Lynch does not share the ominous feeling, increasingly common among Democrats, that time is running out. A paper-thin majority in Congress is likely to disappear next year, leaving just months to pass paid family leave and protect voters from conservative attempts at disenfranchisement. As the likes of Joe Manchin and Kyrsten Sinema pettifog and delay, many Democrats wish for just one more Senate seat. And as Texas and other states pass restrictive abortion laws unchecked by the Supreme Court, frustrated Democrats turn to voters in Maine, who returned Collins to the Senate last fall despite her vote for Kavanaugh and the Republican tax bill, and ask: Why?

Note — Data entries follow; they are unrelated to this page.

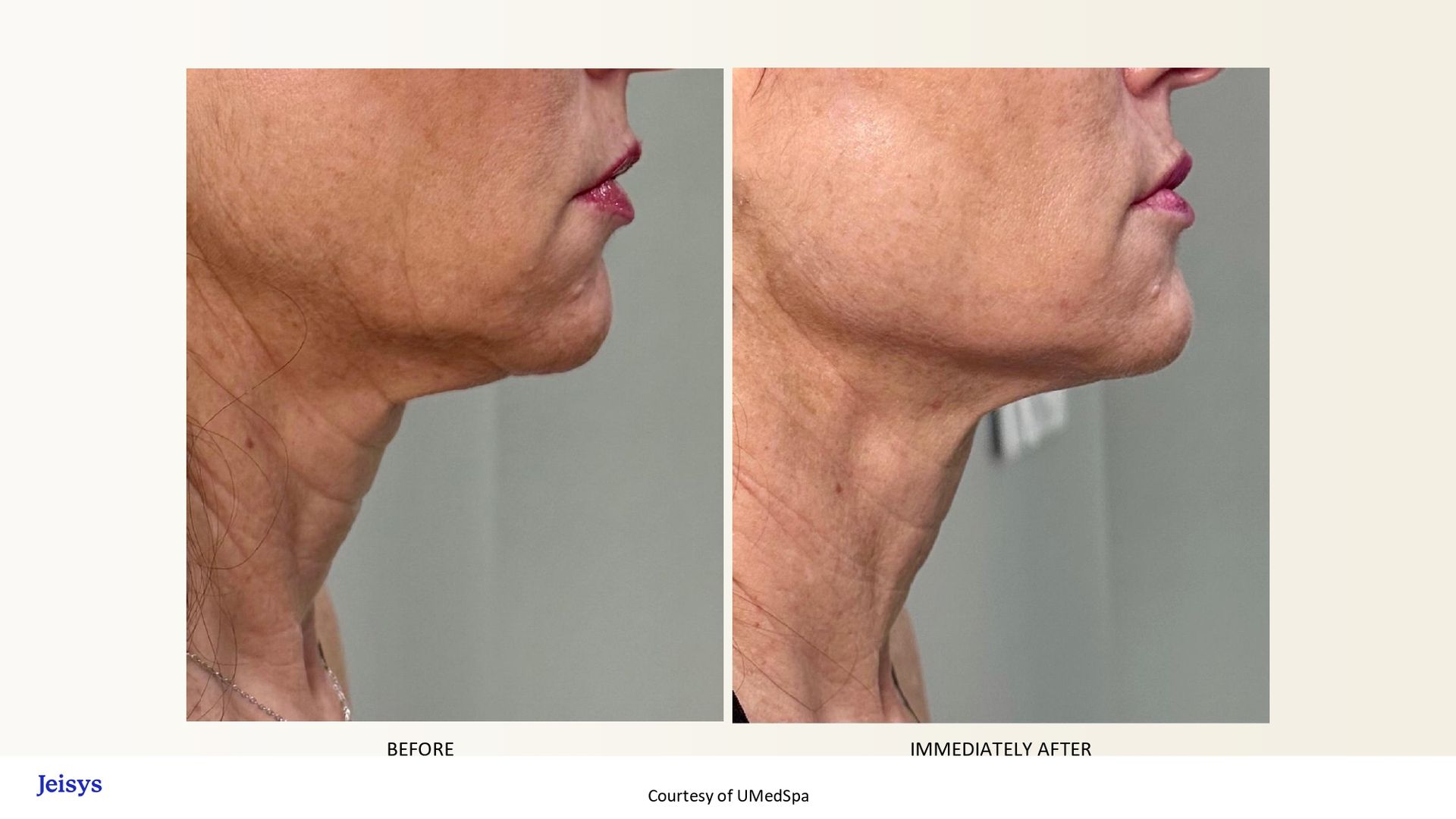 Side-by-side comparison of a person's neck and chin before and after a cosmetic procedure. Skin appears tighter in the after photo.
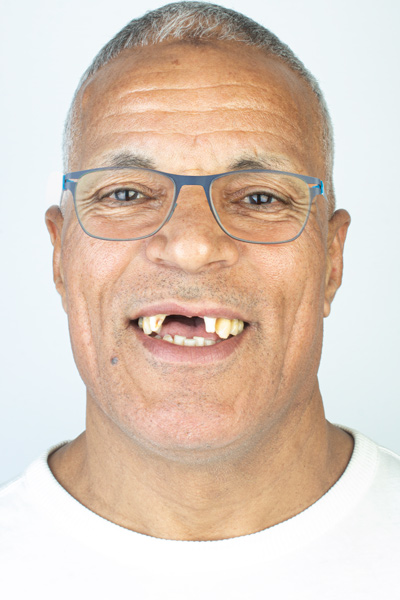 Implant Et Couronnes Dentaires Avant Après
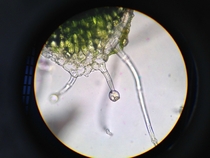 Glandular trichome one of the coolest pictures I have ever taken 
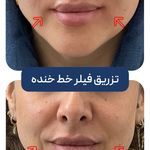 کلینیک زیبایی و جوانسازی پوست و مو الین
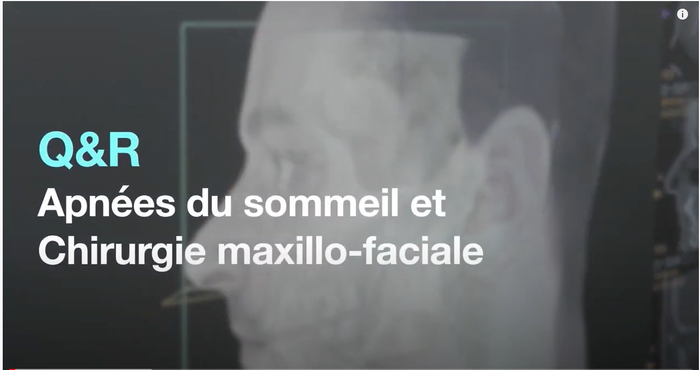 Apnées du sommeil et chirurgie maxillo-faciale : Ce qu'il faut savoir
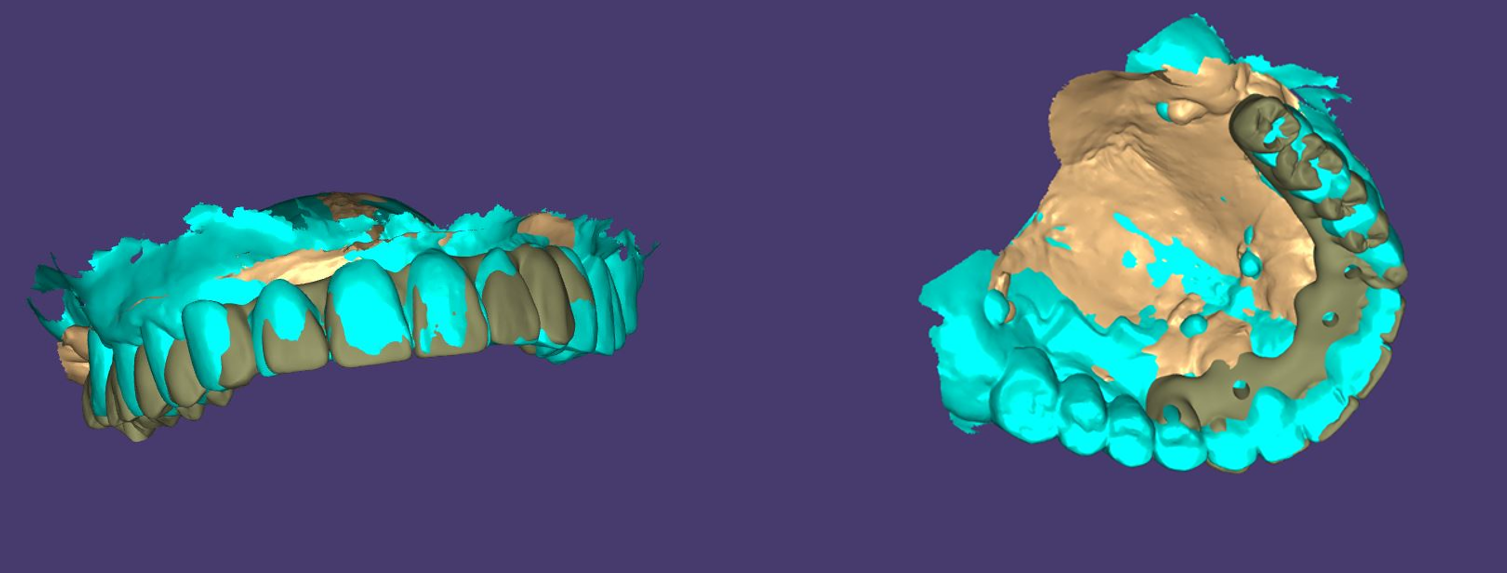 Совмещение образа старого протеза с новой шинирующей конструкцией временного протеза в программе EXOCAD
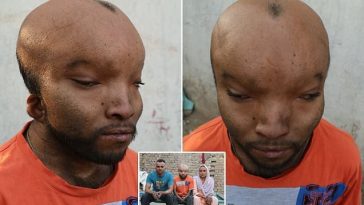 Man Cruelly Nicknamed 'Alien' Because Of His Head Cries Out That He Can't Find Love [Photos] 6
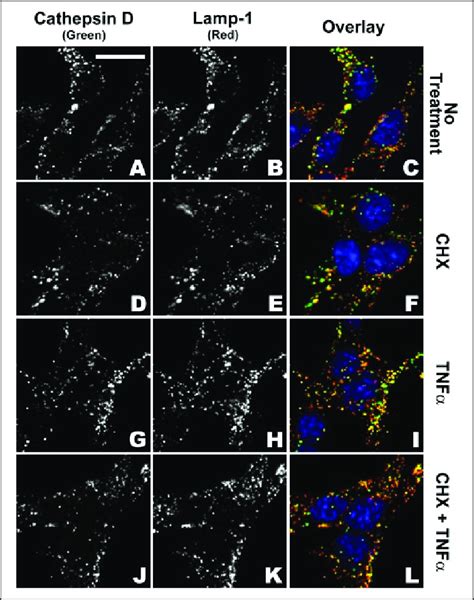 Cathepsin D And Lamp 1 Staining And Co Localization In Tao Cultures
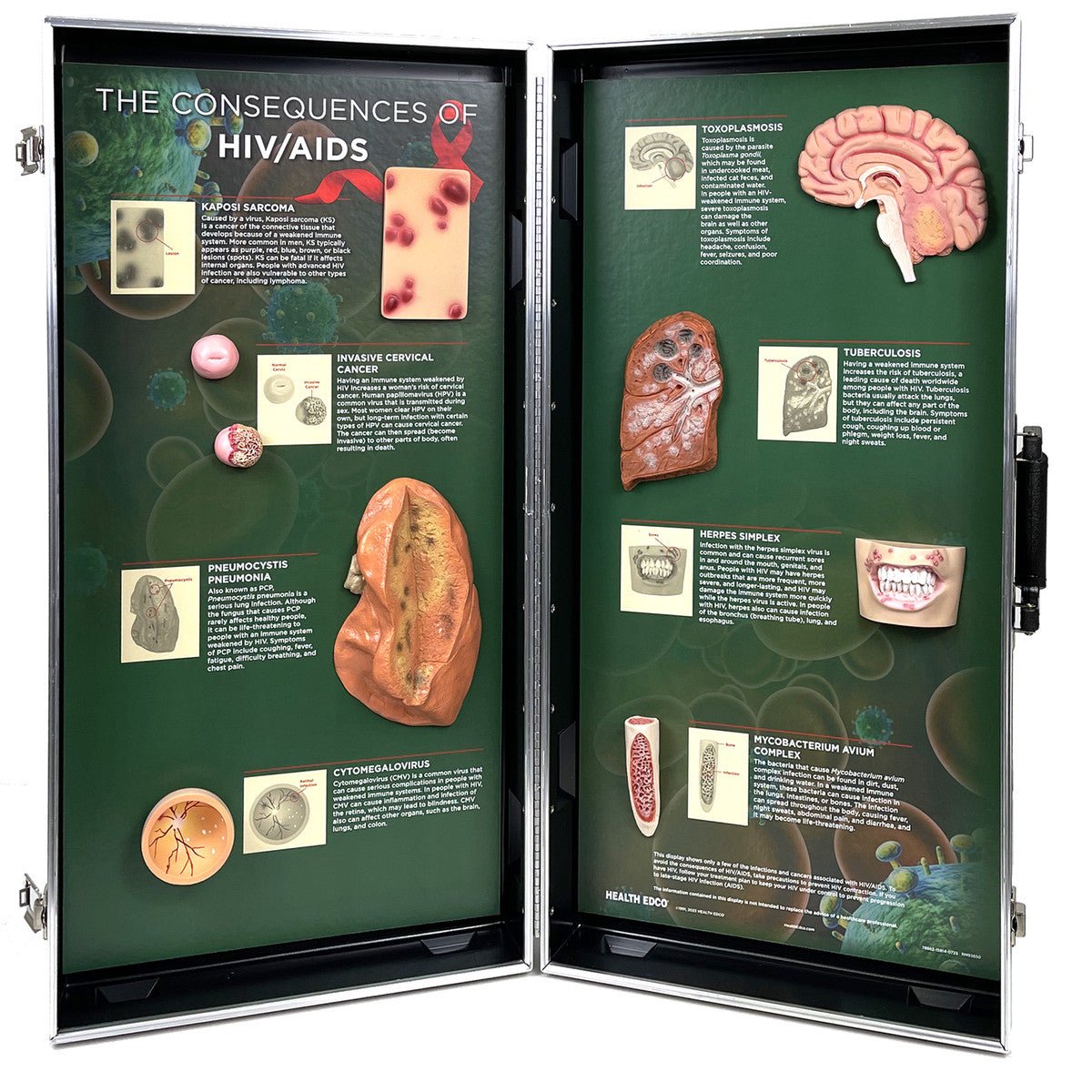 HIV/AIDS Educational 3D Display Model - Anatomy & Disease Awareness Tool for Classrooms, Medical Training & Health Education
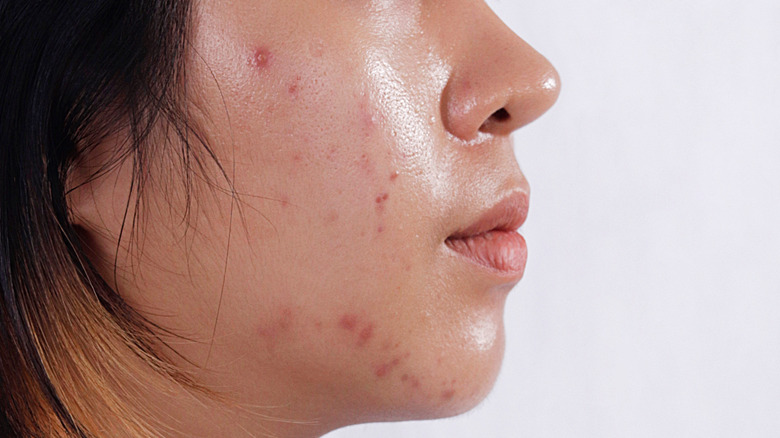 Close up of chin acne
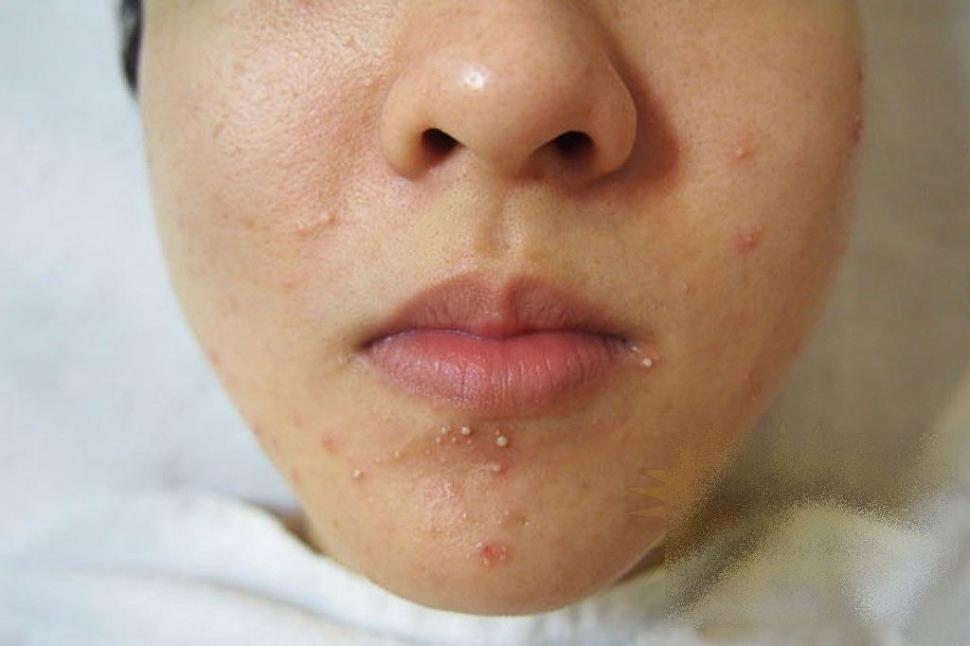 Ce i s-a întâmplat acestei fete frumoase după un simplu TRATAMENT COSMETIC. &quot;Sunt un MONSTRU. Nu mai pot ieşi din casă&quot; 212275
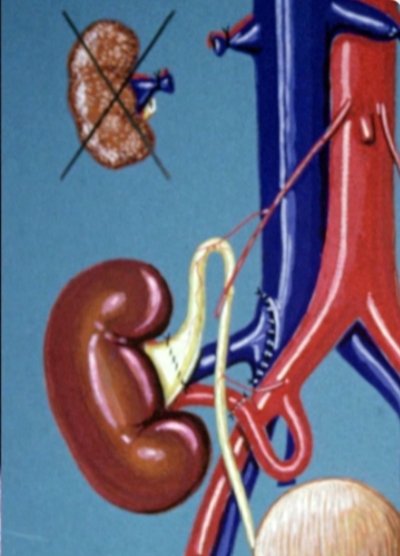 luisfarina2016's tweet photo. Professor José María Gil-Vernet, who died on March 5, 2020, was a strong supporter of producing films for teaching &amp; training other surgeons, who could then reproduce a precise surgical technique. 
See the  colletion available online
https://t.co/MShHAyW4wq

Curated by @Gilvernet https://t.co/zEWYIl6TKk
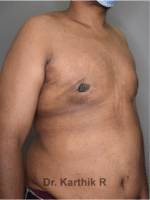 Gynecomastia (Puffy Nipples/ Male Chest Correction)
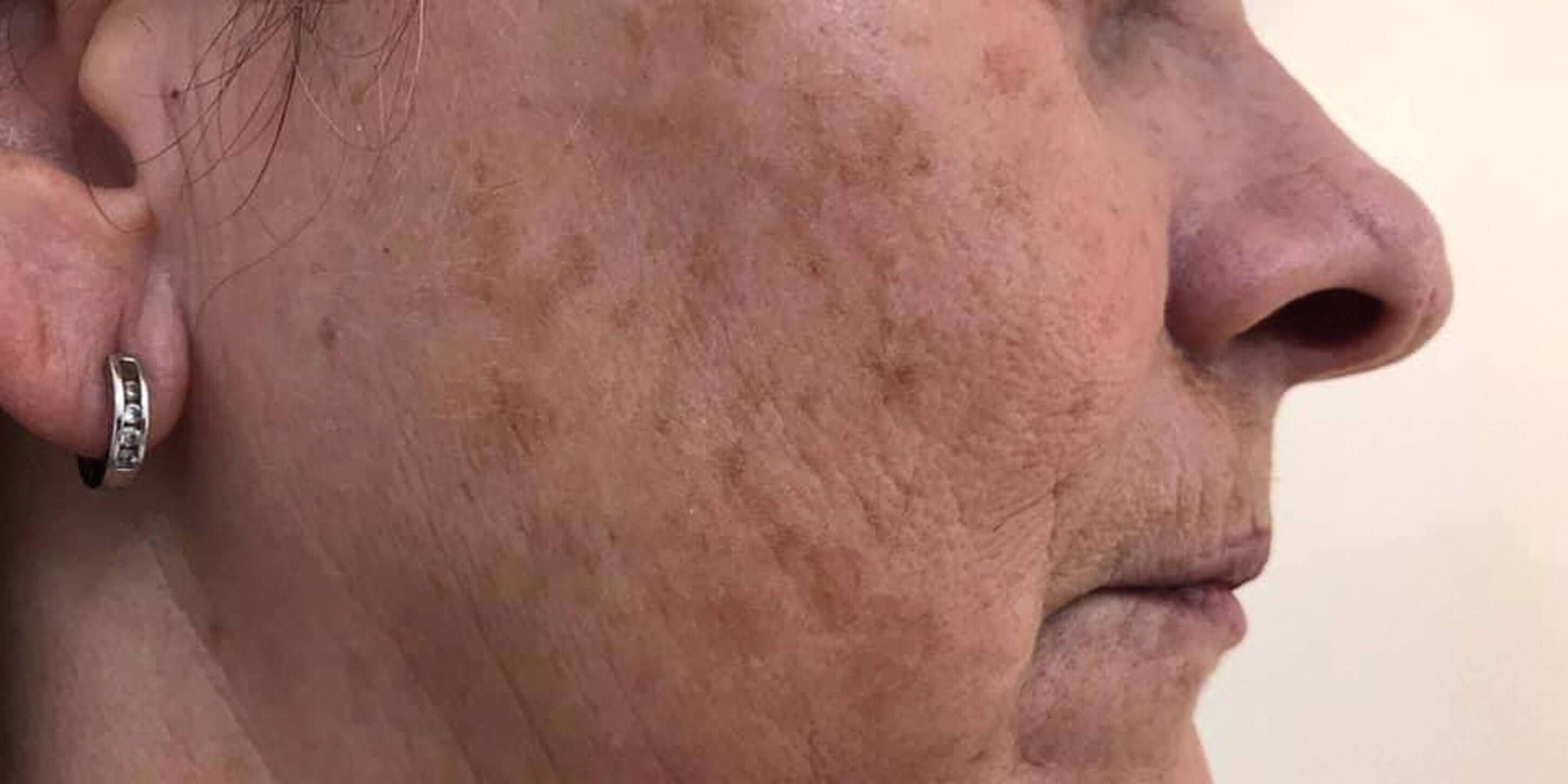 Capponi article photo - before treatment.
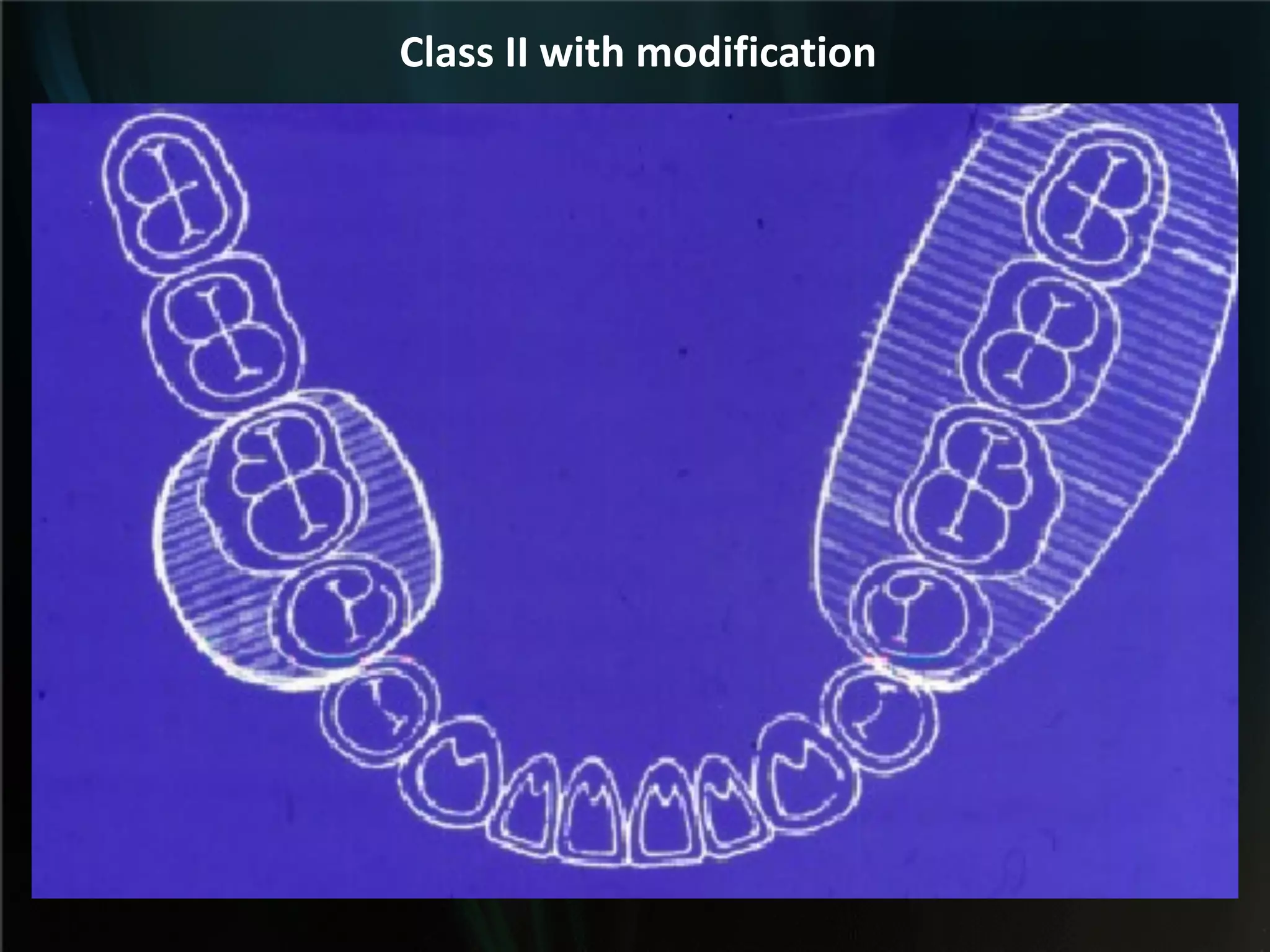 Class II with modification
 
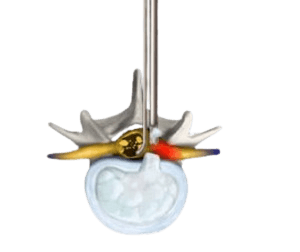 Lumbar Disc Microsurgery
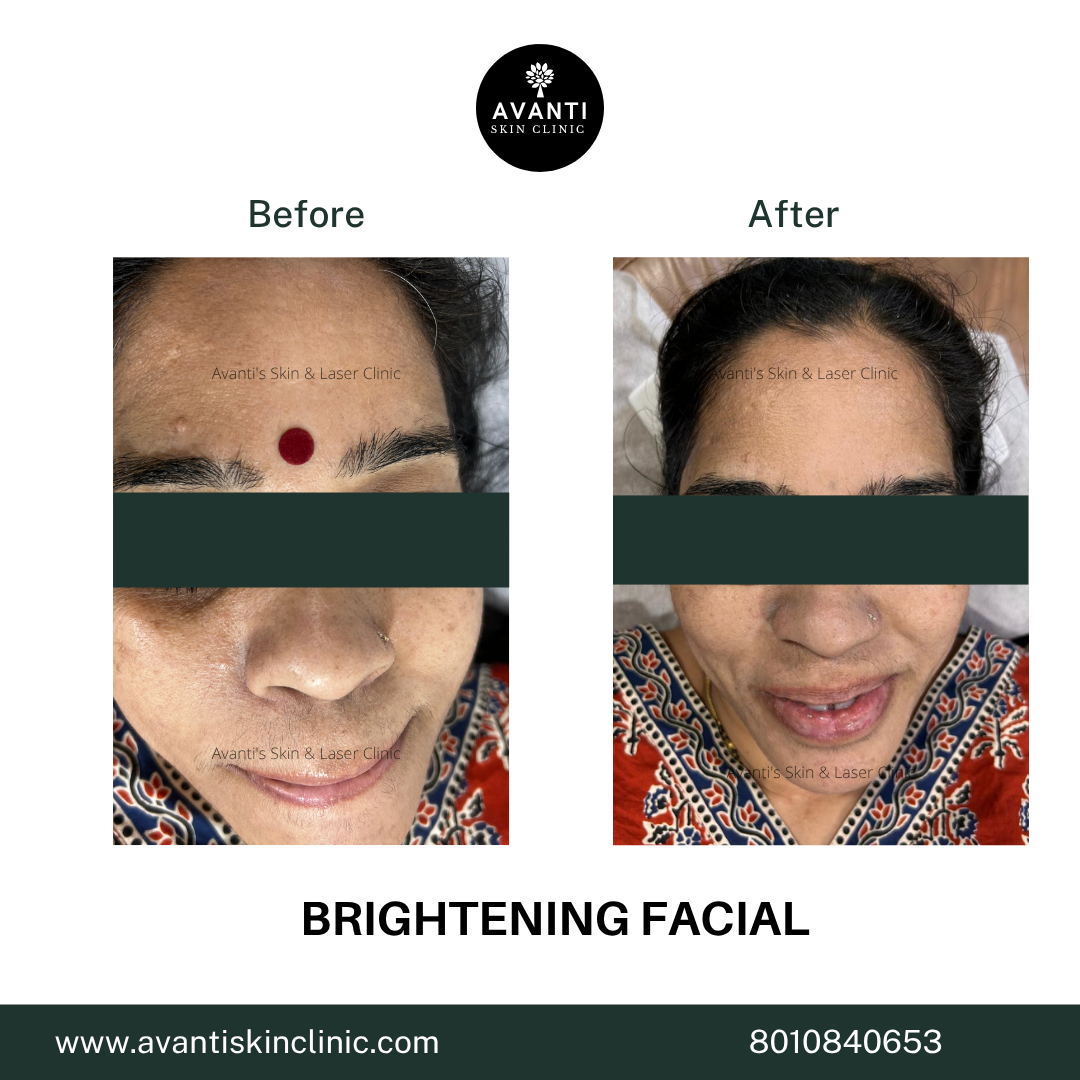 Acne Treatment (50)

Exit polling indicates that 13 percent of Collins’s support in 2020 came from registered Democrats. Women overall broke for Collins over her challenger, Sara Gideon, 49 to 46 percent. How did these constituencies make a decision seemingly so against their own interests? How do they feel about it now? Ask them, and their answers often evoke nostalgia for things lost—paper mills, union jobs, and a bipartisan, collegial Congress. They also share a lack of urgency about the slow-moving constitutional crisis instigated by Donald Trump, a sign, along with the election of Glenn Youngkin in Virginia this fall, that Democrats will have to do more to win than point to Trump’s misdeeds, especially now that he’s off the ballot.

snip

Collins’s votes in the Senate since her reelection have been just fine with Green, too. This summer, she helped defeat the For the People Act, arguing that its sweeping voting rights provisions—making Election Day a federal holiday, restoring eligibility to felons who’ve served their sentences, keeping names on voting rolls, automatically registering eligible voters—went far beyond preserving the right to vote. Green wasn’t convinced either that such sweeping action was necessary in response to laws such as Georgia’s, which forbids giving water to people waiting to vote. (With many polling places closed in Black areas, lines are often long.) Should people be allowed, Green mused, to give voters even such small gifts as a bottle of water? “What is that law saying? I don’t know,” he said. “Leave it to Susan. I trust her.”